Numbers 85 To 91 And Attached Walls Gates And Gatepiesr is a Grade II* listed building in the Greenwich local planning authority area, England. First listed on 12 October 1978. Terrace. 2 related planning applications.
Numbers 85 To 91 And Attached Walls Gates And Gatepiesr
- WRENN ID
- third-solder-tide
- Grade
- II*
- Local Planning Authority
- Greenwich
- Country
- England
- Date first listed
- 12 October 1978
- Type
- Terrace
- Source
- Historic England listing
Description
Terrace of four houses on Genesta Road, built in 1933-4 by Berthold Lubetkin in conjunction with A V Pilichowski, who secured the commission from C J Pell and Co. developers. George West Ltd. were the builders. This was Lubetkin's first building in Britain, undertaken shortly after his arrival from the Soviet Union in late 1931.
The houses are constructed of monolithic reinforced concrete, painted, with flat roofs. They are arranged as mirrored pairs, each narrow frontage house measuring 7.7 metres deep and rising over three floors. The ground floor sits lower than the road level due to the extremely steep site. The ground floors contain entrance halls, loggia rooms and garages, the first floors have reception rooms and kitchens, and the second floors contain three bedrooms and bathrooms each.
Entrances are set back behind single pilotis supporting the projecting upper storeys, with further enclosure provided by curved projections to the side. Most houses retain their original Crittall metal doors, and No. 91 has its original bell. The original Crittall metal frame windows with side-opening casements survive throughout the front and to the rear except where noted. The first floor features a continuous horizontal band of windows across the facade, each containing ten vertical lights with some opening casements, set in a projecting concrete frame – a very early example of this feature. The second floor has a similar five-light window, with doors opening on to a balcony featuring a cyma-curved concrete front and steel sides. This distinctive design, possibly derived from Bauhaus principles, became one of Lubetkin's most characterful 1930s design features. The rear elevation is simpler, though original Crittall windows survive to Nos. 87 and 91 and to the upper floors of No. 85. Small bathroom and toilet windows at No. 89 survive, though others have been altered.
The ground floors originally had open loggias, now infilled with wood or glass but retaining their garden room character.

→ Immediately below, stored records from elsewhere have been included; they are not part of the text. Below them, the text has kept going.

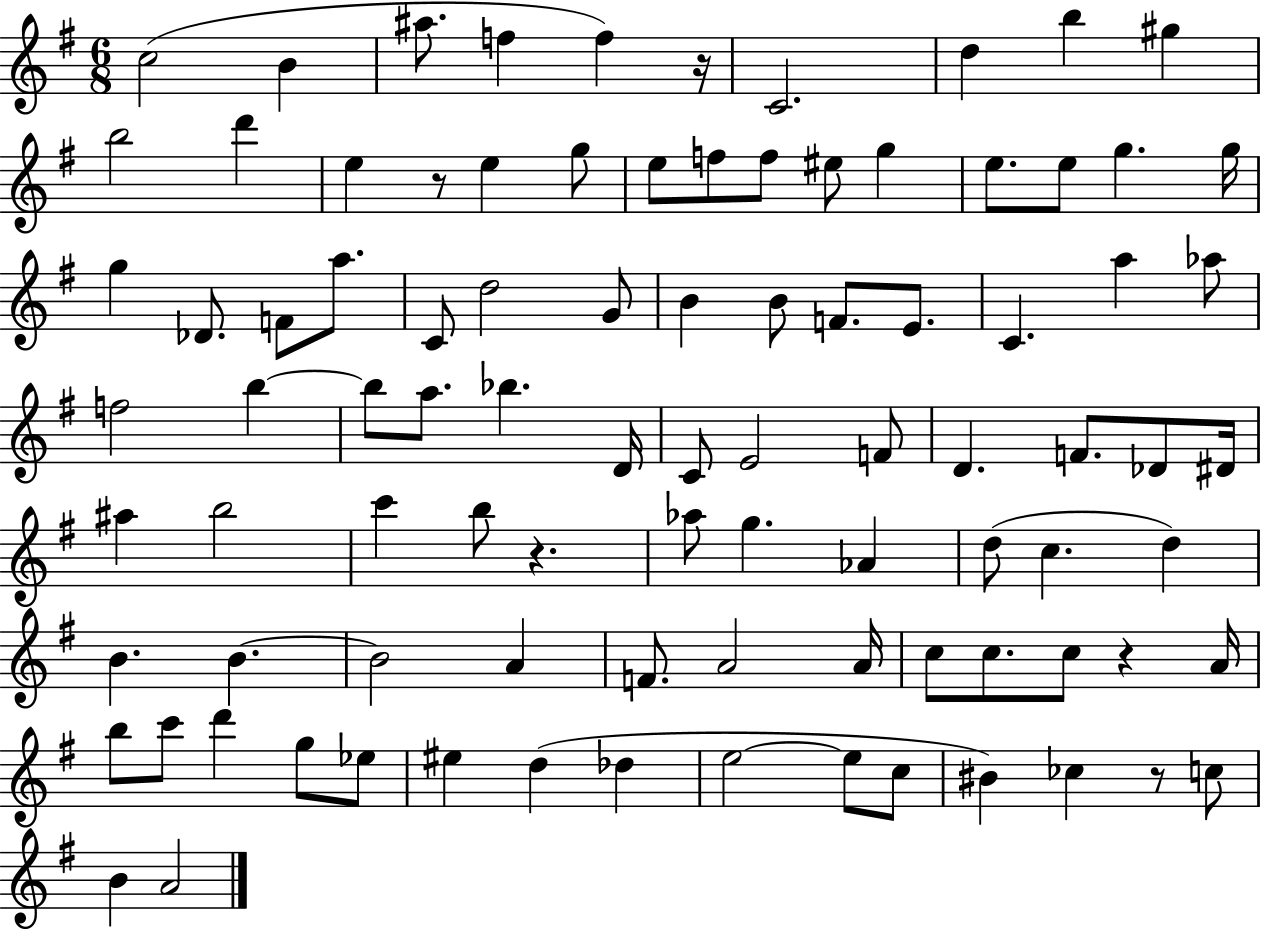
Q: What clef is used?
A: treble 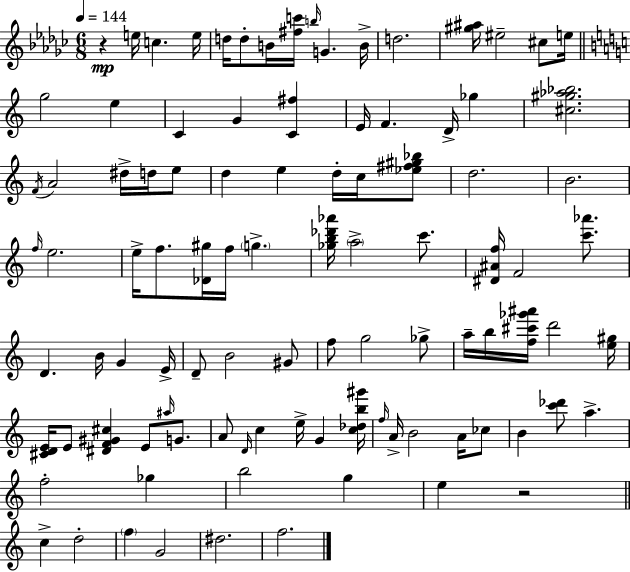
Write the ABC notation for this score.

X:1
T:Untitled
M:6/8
L:1/4
K:Ebm
z e/4 c e/4 d/4 d/2 B/4 [^fc']/4 b/4 G B/4 d2 [^g^a]/4 ^e2 ^c/2 e/4 g2 e C G [C^f] E/4 F D/4 _g [^c^g_a_b]2 F/4 A2 ^d/4 d/4 e/2 d e d/4 c/4 [_e^f^g_b]/2 d2 B2 f/4 e2 e/4 f/2 [_D^g]/4 f/4 g [_gb_d'_a']/4 a2 c'/2 [^D^Af]/4 F2 [c'_a']/2 D B/4 G E/4 D/2 B2 ^G/2 f/2 g2 _g/2 a/4 b/4 [f^c'_g'^a']/4 d'2 [e^g]/4 [^CDE]/4 E/2 [^DF^G^c] E/2 ^a/4 G/2 A/2 D/4 c e/4 G [c_db^g']/4 f/4 A/4 B2 A/4 _c/2 B [c'_d']/2 a f2 _g b2 g e z2 c d2 f G2 ^d2 f2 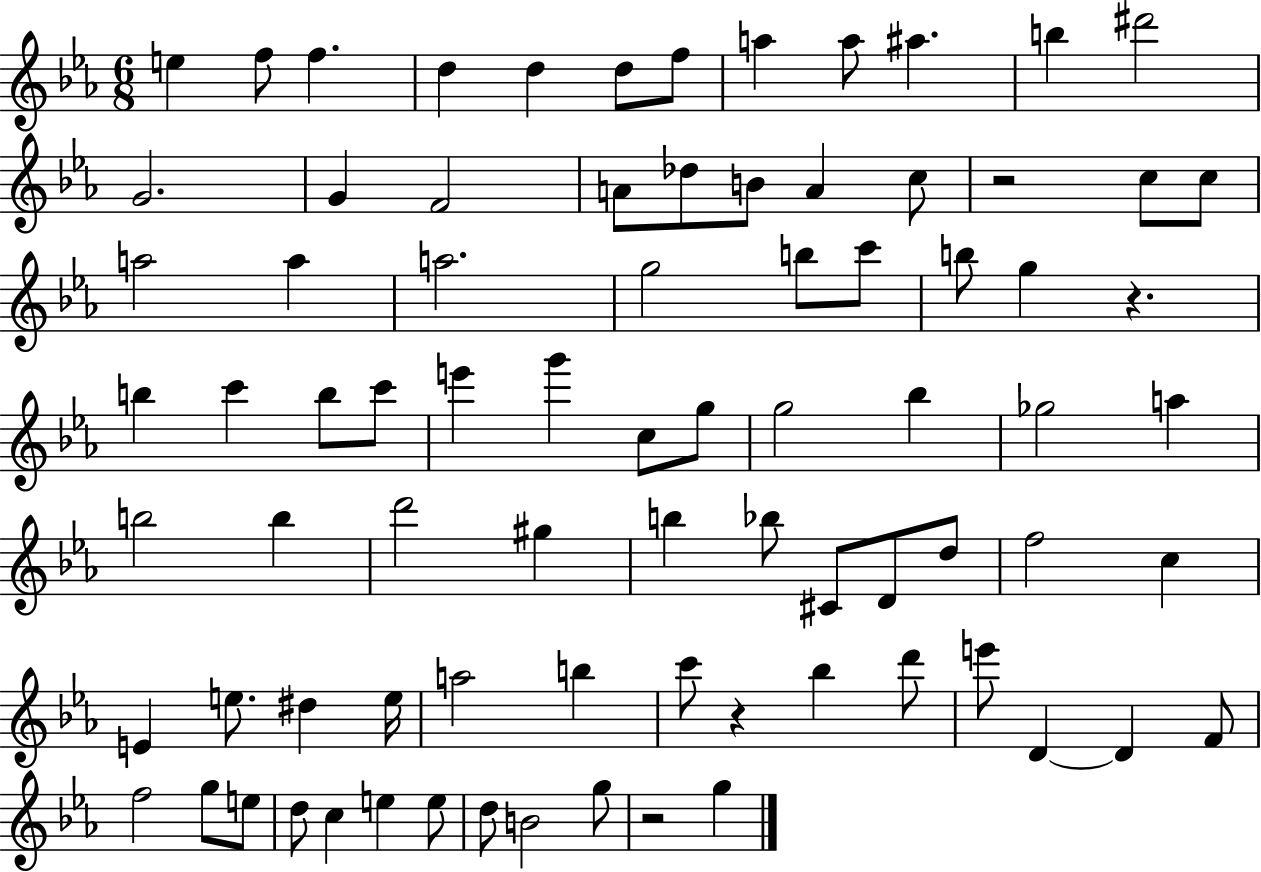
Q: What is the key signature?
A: EES major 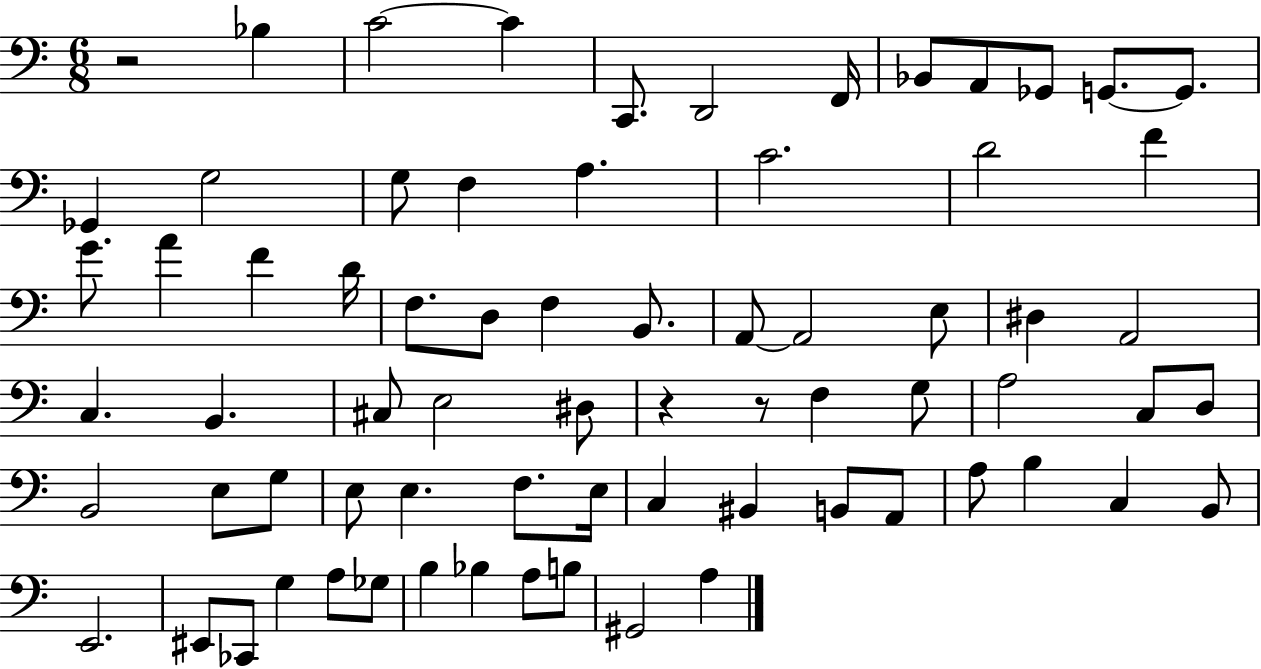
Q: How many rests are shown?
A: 3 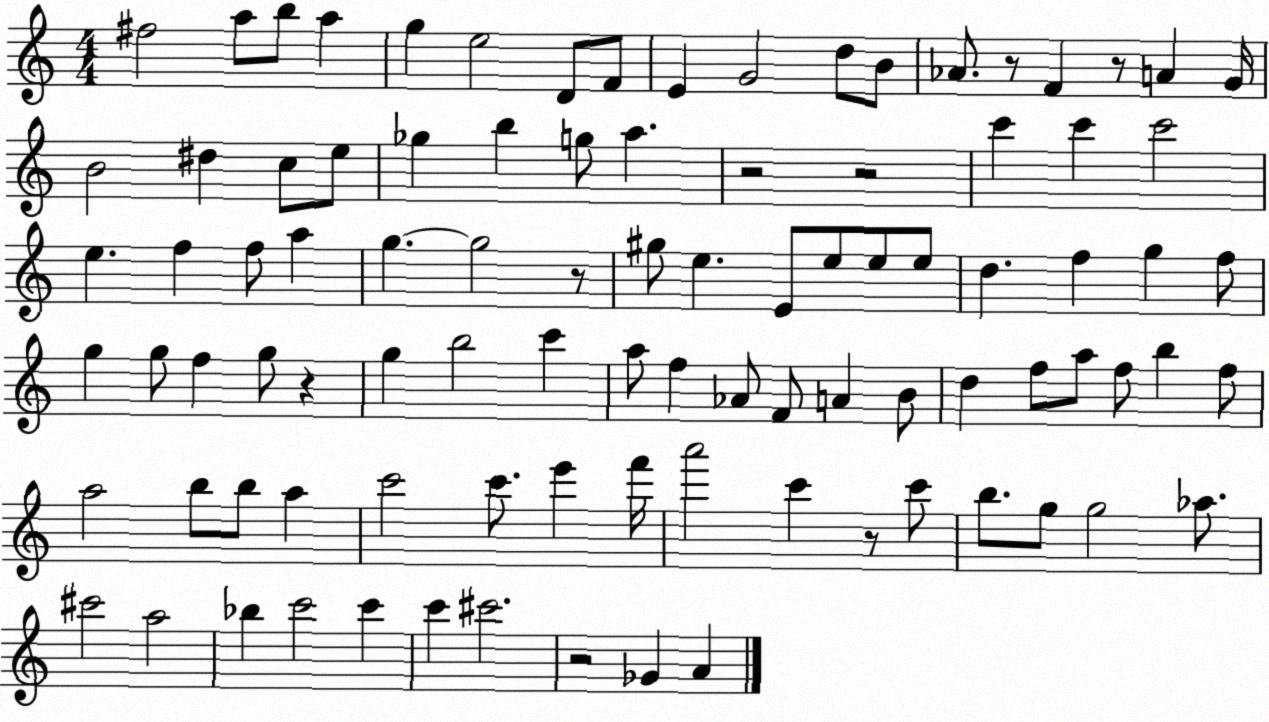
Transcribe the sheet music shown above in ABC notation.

X:1
T:Untitled
M:4/4
L:1/4
K:C
^f2 a/2 b/2 a g e2 D/2 F/2 E G2 d/2 B/2 _A/2 z/2 F z/2 A G/4 B2 ^d c/2 e/2 _g b g/2 a z2 z2 c' c' c'2 e f f/2 a g g2 z/2 ^g/2 e E/2 e/2 e/2 e/2 d f g f/2 g g/2 f g/2 z g b2 c' a/2 f _A/2 F/2 A B/2 d f/2 a/2 f/2 b f/2 a2 b/2 b/2 a c'2 c'/2 e' f'/4 a'2 c' z/2 c'/2 b/2 g/2 g2 _a/2 ^c'2 a2 _b c'2 c' c' ^c'2 z2 _G A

The interiors are remarkably well preserved across all four houses, with No. 91 being the most complete. Entrance halls feature magnesium chloride floors, except No. 87 which has a woodblock floor, with curved cloakrooms in side projections. Circular staircases with cupboards beneath have timber newels scooped out on the ground and first floor levels to create semi-circular features that admit more light and space, with curved details completing the newel wall at roof level. First floor landings have cork floors. Reception rooms are divided into two halves by a square archway, creating spatial division without loss of light and openness, with two doors to the landing enhancing circulation. The second floor at No. 91 retains original bathroom fixtures with tiled walls and floors, while bedrooms have composition floors. Ladders secured over the stairwell provide access via rooflight to the flat roofs.
The front and side retaining walls with planting boxes form an important part of the overall composition, as do the surviving gates and gatepiers. Rear gardens on steeply sloping sites incorporate some walling and edgings.
These houses form the only completed terrace in England built in the modern idiom during the 1930s. This is a confident and mature work revealing many design details that appeared in Lubetkin's later and better-known public commissions. Lubetkin himself designed only two other private houses, both in Whipsnade and including one for his own residence.